**TASK BRIEF**.
Which lines run from the line containing "(4) 2013-2020 American Silver Eagle Dollars" through the end of the records below? Reproduce them exactly, and nothing else.

Crawled caption data
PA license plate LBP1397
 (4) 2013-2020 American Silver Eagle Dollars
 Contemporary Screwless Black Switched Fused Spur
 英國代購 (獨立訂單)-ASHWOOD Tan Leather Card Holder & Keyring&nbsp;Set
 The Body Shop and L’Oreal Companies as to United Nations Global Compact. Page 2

**RESPONSE TO THIS TASK**.
 (4) 2013-2020 American Silver Eagle Dollars
 Contemporary Screwless Black Switched Fused Spur
 英國代購 (獨立訂單)-ASHWOOD Tan Leather Card Holder & Keyring&nbsp;Set
 The Body Shop and L’Oreal Companies as to United Nations Global Compact. Page 2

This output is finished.